Il Tribunale di Palermo ha ritenuto che, limitatamente al periodo di utilizzo del servizio di inserimento dinamico, la condotta di Sicily By Car abbia ingenerato un rischio di confusione e associazione tra i prodotti e servizi pubblicizzati da Maggiore e quelli offerti dalla stessa Sicily by Car. La Corte ha pertanto giudicato Sicily by Car colpevole di violazione del diritto di marchio e di concorrenza sleale, condannandola al pagamento di una somma equivalente ai proventi illegittimamente ottenuti attraverso l’impiego dello strumento di inserzione dinamica. Contestualmente il Tribunale di Palermo ha assolto Google, ritenendo che il suo ruolo si sia limitato a quello di prestatore di servizio a fronte di una totale libertà per gli utenti di scegliere le parole chiave preferite. In particolare Google è stato qualificato dalla Corte come mero “hosting provider” e, in quanto tale, non tenuto a monitorare la condotta dei propri utenti (art. 15 della direttiva 2000/31/CE sul commercio elettronico).

 

Il caso si innesta su uno dei temi più dibattuti degli ultimi anni, quello della responsabilità degli Internet Service Provider (ISP, “fornitore di servizi Internet”) rispetto ad eventuali attività di contraffazione ad opera dei propri utenti. La normativa attualmente in vigore a livello UE ha armonizzato il diritto dei marchi e le norme sulla contraffazione ma non quelle sulla responsabilità civile (e quindi sul concorso nell’uso contraffattorio del marchio altrui). Ne consegue che tale disciplina è in larga misura rimessa alle legislazioni nazionali, fatto salvo il regime speciale di responsabilità degli ISP individuato dalla sopracitata direttiva sul commercio elettronico. Tale regime riconosce agli ISP un’immunità rispetto all’attività contraffattoria dei propri utenti, a condizione che la prestazione del servizio avvenga attraverso un trattamento meramente tecnico, automatico e passivo dei dati forniti dagli utenti, senza che vi sia conoscenza o controllo dei dati in questione. La finalità così perseguita dal legislatore europeo è quella di non disincentivare l’investimento e l’innovazione nell’ambiente digitale.

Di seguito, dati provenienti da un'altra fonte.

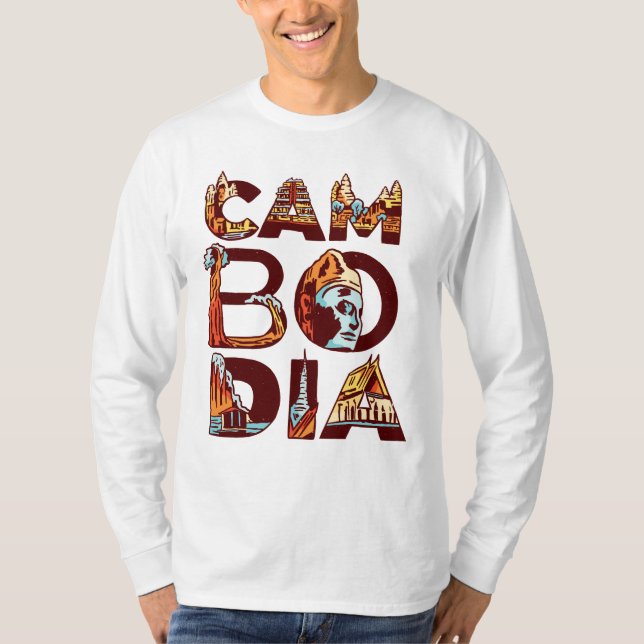 Kambodja T Shirt (Framsida)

Quello che potrebbe apparire un semplice criterio generale di immunità presenta, in realtà, dei nodi interpretativi e applicativi difficili da sciogliere. L’immunità viene infatti meno qualora l’ISP, in presenza di “fatti” e “circostanze che rendono manifesta l’illegalità dell’attività” del cliente “o dell’informazione” immagazzinata, non “agisca immediatamente per rimuovere le informazioni o per disabilitarne l’accesso” (art. 14 della direttiva 2000/31/CE sul commercio elettronico). L’apprezzamento dell’illegalità delle informazioni immagazzinate e dell’attività dei clienti non è compito semplice, in quanto chiama in causa la necessità di individuare preliminarmente la legge applicabile, se il marchio altrui sia stato usato per fini meramente privati, se vi sia stato esaurimento del diritto, e così via. Non è peraltro del tutto evidente come ciò debba conciliarsi con  l’assenza di obblighi di vigilanza a carico degli ISP.

 

In Italia la questione è attualmente affrontata nel senso di coinvolgere la responsabilità dell’hosting provider nel caso in cui esso – venuto a conoscenza effettiva del “carattere illecito o pregiudizievole per un terzo del contenuto di un servizio al quale assicura l’accesso” (anche senza previa segnalazione di un terzo) – non si sia attivato immediatamente informando l’autorità competente ed impedendo gli effetti dannosi dell’illecito (d.lgs. 70/03, 9 aprile 2003). Tale regime pone il provider di fronte ad un dilemma di difficile soluzione, esponendolo, da un lato, al rischio di perdere l’immunità nel caso in cui non si attivi in risposta alla segnalazione del titolare del marchio, dall’altro, al rischio di subire azioni da parte del proprio cliente nel caso in cui si attivi in risposta alla segnalazione del titolare del marchio.